P.S. I believe that P³ is potentially hill-climbable, I have successfully hill climbed it a few times before though it seemed very unreliable.

[Robb27]

@madness
Reading your message gave me hope. I have been struggling to write a python program to solve @Puzzling_Pelican’s last cipher. I was able to use THECATSATANDATETHERAT hint to quickly create a program, but building that out to a full solution is proving difficult, and I think relates to the inconsistencies you have found.

Finding a rule set, simple or otherwise, to form the encode/decode triangle pairs, has been taxing. I re-started quite a few times.

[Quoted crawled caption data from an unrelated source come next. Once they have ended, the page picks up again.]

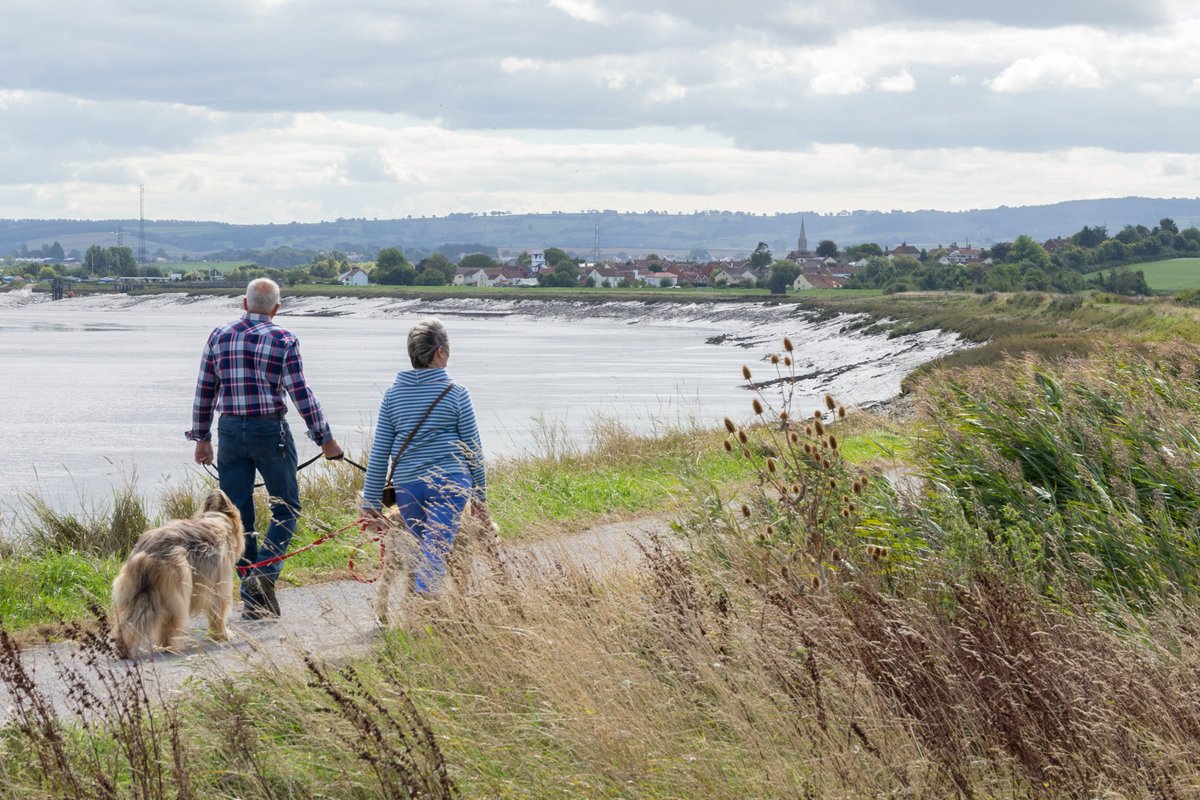 Jono Reeves tweet media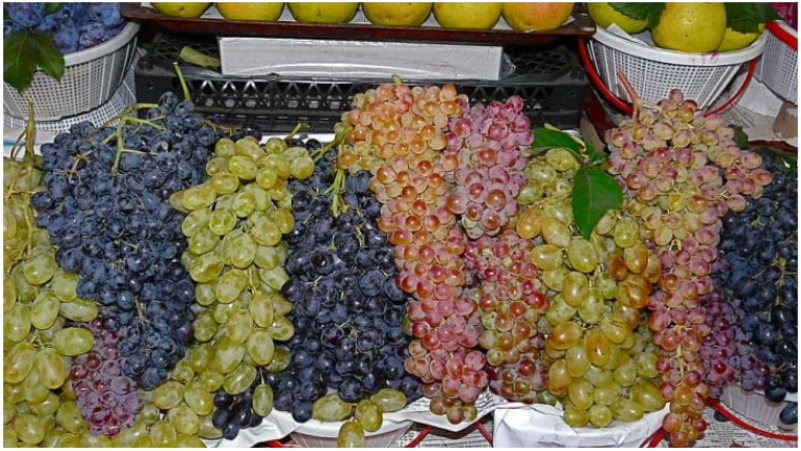 Բյուջետային երաշխիքներ ու հնարավորություն կտրվի ներգրավելու լրացուցիչ վարկային միջոցներ խաղողի և պտուղբանջարեղենի մթերումների նպատակով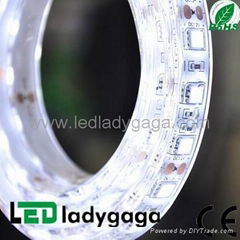 12V 5050 60 LEDs IP65 white LED flexible strip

I am coming to the conclusion that it might be better to create a pre-calculated list of all possible encode triangles, and then pre-calculate a matched decode triangle for each. I can then work out which triangle pairs cause problems and try a different orientation for that pairing. Some triangles can have a few possible pairings.

Just as an example: I can define a rule for a simple equilateral triangle, which ‘should’ just need a rotation as shown in the hints. However. a single unit sided triangle will not rotate to a decode pair, the decode would need to be offset somehow or bigger than the encode triangle. A double unit sided triangle might rotate depending on it’s orientation in the hexagon grid or might not.

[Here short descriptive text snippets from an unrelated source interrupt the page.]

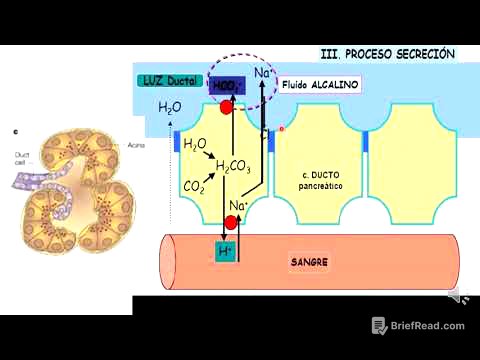 11 Enzimas pancreáticas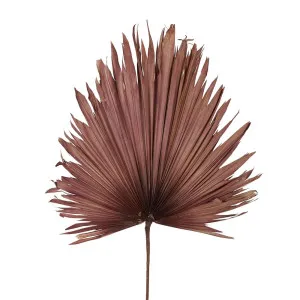 Preserved Palm Leaf Pink Large by Florabelle Living, a Plants for sale on Style Sourcebook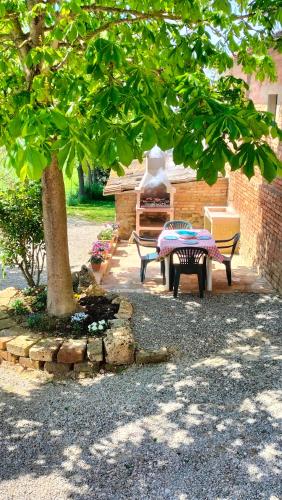 L’oca Nera — Chiusi — photo 5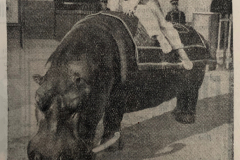 1944_Eliane_Oedipus_2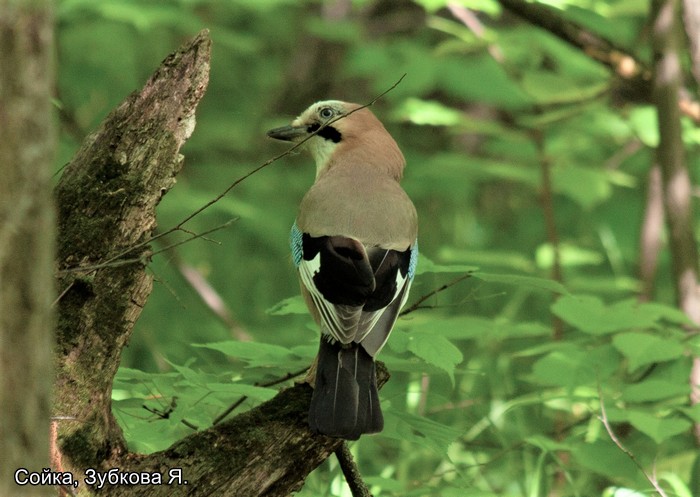 Сойка, Зубкова Я.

I won’t be beaten, but I might not solve it until the next NCC starts !!

[Robb27]

@Puzzling_Pelican
Thank-you, I wasn’t expecting to see your upload your code. Your round_midpoint function helped me figure out the second triangle adjustment. I don’t think I would have got there without it even though I had most of the other elements in place. I didn’t use a spiral grid creation routine, just a straight list of the 91 points which I could fill programmatically with a generated key, but I had a very similar grid referencing. With the midpoint adjustment and a few tweaks my code now drops out the correct solution.

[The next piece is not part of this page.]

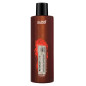 Shampooing Repigmentant Cuivré Retouch Lab 250ml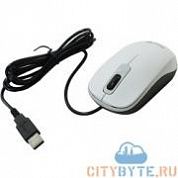 Мышь Genius DX-110 USB (31010009401) белый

Just for interest, I will look at brute-forcing this. My quadram scoring works with letters (obviusly), and you divide ‘illegal’ letters with 0 & 1 – easy enough to replace. However, I need to think whether I score decoded texts with lots of the other non-alphabet characters used, or just skip over them. Even just a small key change from the correct solution could mean lots of non-alapha characters, and a brute-force could fail to zero in on a solution if I skip too much. Just ignoring the non-alphabet characters can cause the scoring to go way too low. My quadram routine gives the correct text a score of -17458. I have had much lower scores when ignoring non-alpha characters.

Unlike Playfair, it is not just double letters ‘LL’, ‘OO’ etc to worry about. I had figured ‘THELIGHTHOUSE’ would be a good crib, and was (slowly) some way down a hand decryption. In the trigrams THE-LIG-HTH-OUS the combination ‘HTH’ would clearly not make a triangle, so I could see that additional plain text padding would be required.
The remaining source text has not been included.